Materials and Methods

Procedure of Data Collection and School Characteristics

The study covered 70 out of 78 lower secondary schools sampled from a total of 234, which underwent a comprehensive external evaluation according to the scheme established for the period of September 2013 to June 2014, as implemented within the framework of the pedagogical supervision system (EES—Education Evaluation System). Data on 4085 students were obtained, of which 48.0% were boys. On average, 58 students per school were examined (SD = 19.7), and the response rate reached 84.8%. The sample is not representative for the whole country as the comprehensive external evaluation is not obligatory and only 3% of schools were on the list. However, on the basis of the obtained material it is still possible to compare better and worse schools, as well as test the selected correlations using the school or student sample.

Table 1 presents the characteristics of the schools by location as given in the EES. No differences were found in terms of gender or age of respondents among the samples of students from schools located in various types of communities.
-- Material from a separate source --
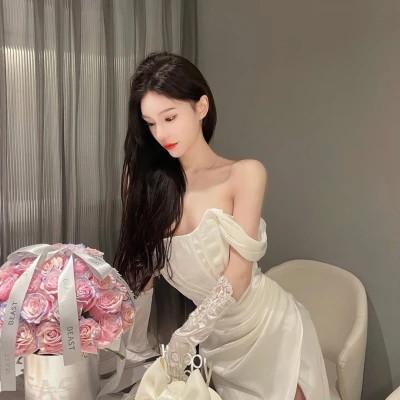 很哇塞的女孩头像 高清唯美可以做一个哇塞女孩头像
Similarly, the overall assessment of the school standard according to EES was not found to be in any way associated with its location (F ANOVA(2,67) = 0.704; p = 0.498).
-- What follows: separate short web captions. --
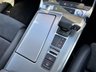 USED 2019 69 AUDI A6 2.0 TDI S LINE 4d 202 BHP ** RAC BUYSURE INSPECTED **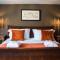 Woolmarket House Hospitality Limited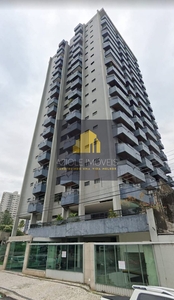 Apartamento em Marco, Belém/PA de 198m² 3 quartos à venda por R$ 1.399.000,00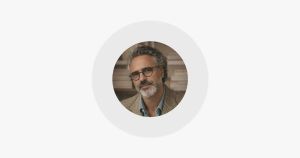 Constantino e o cajado de Anastácio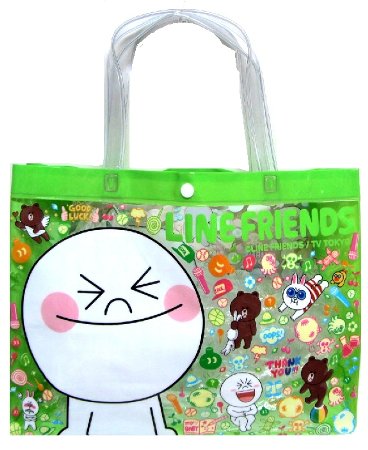 1٤γ줬뤿 ꤪ㤤ʡ6 饯 ӥˡХå  סХå ) ȡ LINE FRIENDS  饤ե )  Ʃ ) ᡼ؤξޤꤿǤȯȤʤޤ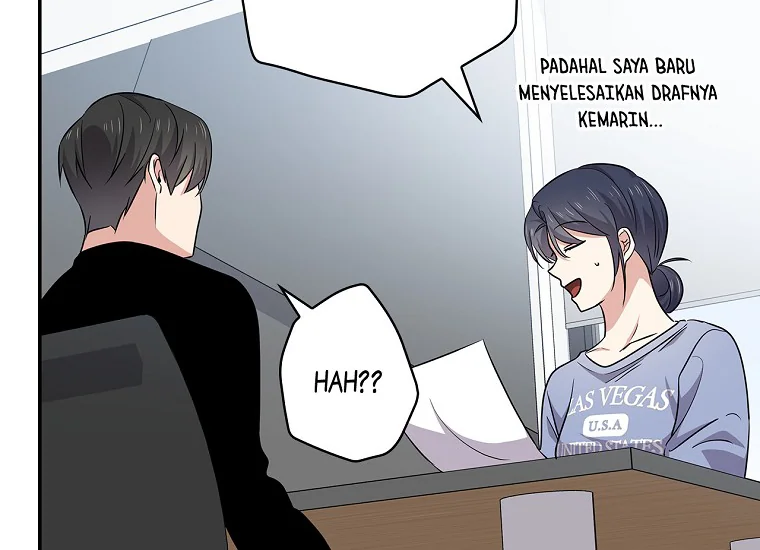 Halaman 80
Table 1 Characteristics of the sample

The average level of family affluence and final results at the end of elementary school were provided for a given school as additional information. The examination of affluence was based on the FAS scale (Family Affluence Scale), applied in HBSC studies and widely described in the literature (Currie et al., 2008). There was an average of 19.2% of students from more affluent families, with significantly more in schools located in urban communities (χ 2 = 45.36; df = 4; p < 0.001). According to the information obtained from students, in the studied schools the average result on the final elementary school examination was 28.6 ± 3.0 (out of 40 points). This indicates only a slightly higher result than the national average over the past three years. Urban schools admitted students with significantly higher results on this state examination (F ANOVA(2,67) = 6.010; p = 0.004).

Comparing to the HBSC 2014 data coming from the national school register makes it possible to assess whether our sample is representative. It has been shown that currently described student group is derived from more affluent families and regions of lower level of deprivation than the sample of 4491 of students surveyed within the last HBSC study. The average of family affluence scale (ranged 0–13 points) was 7.25 ± 2.50 and 6.87 ± 2.50, in both samples, respectively (p < 0.001). Moreover, the average of the local area well-off scale (ranged 0–6 points) was to 2.87 ± 1.68 and 3.38 ± 1.66, respectively (p < 0.001).

Before proceeding with the study, approval was obtained from the Bioethical Commission of the Mother and Child Institute, which evaluated the draft study, the procedure of obtaining parents’ and students’ consent, and the contents of the questionnaire.

It was assumed that the studied sample consisted of lower secondary schools (N = 70), not individual students, and the objects of comparison were the indicators obtained from the EES database and data from each student’s questionnaire aggregated to school level.

Variables and Indicators

Outcome Measure

Students answered the questions of how often over the last two months they had participated in bullying another student or students in the school, how often they were the victims of bullying, and how often they had witnessed it. Five categories of answers were given: did not happen over the past 2 months, happened once or twice, happened 2–3 times a month, happened about once a week, happened several times a week. The questions were preceded by an explanation as to what is to be understood as bullying. The concept of this block of questions was based on the report from international HBSC studies; the questions related to being a perpetrator or victim of bullying and the introductory text were identical. A competing classification schema for categorizing students’ bullying involvement was presented by other authors with reference to the standard four-group model: uninvolved, victim, bully, and bully–victim. A new approach in our research is to analyze three participants roles, two described above together with bystanders (Saarento & Salmivalli, 2015). The overall measure of the intensity of bullying in schools was built as a general index which summarized the answers to all three questions. The index has a range of 0–12 points and a reliability level of 0.680.

Independent Variables

Apart from school location in urban, semi-urban or rural areas, the following factors potentially affecting the bullying index variability, were taken into account: (1) the percentage of boys among respondents at a given school; (2) school size; (3) school quality according to EES; (4) school climate; (5) neighborhood social capital; (6) neighborhood perception; (7) delinquent behavior.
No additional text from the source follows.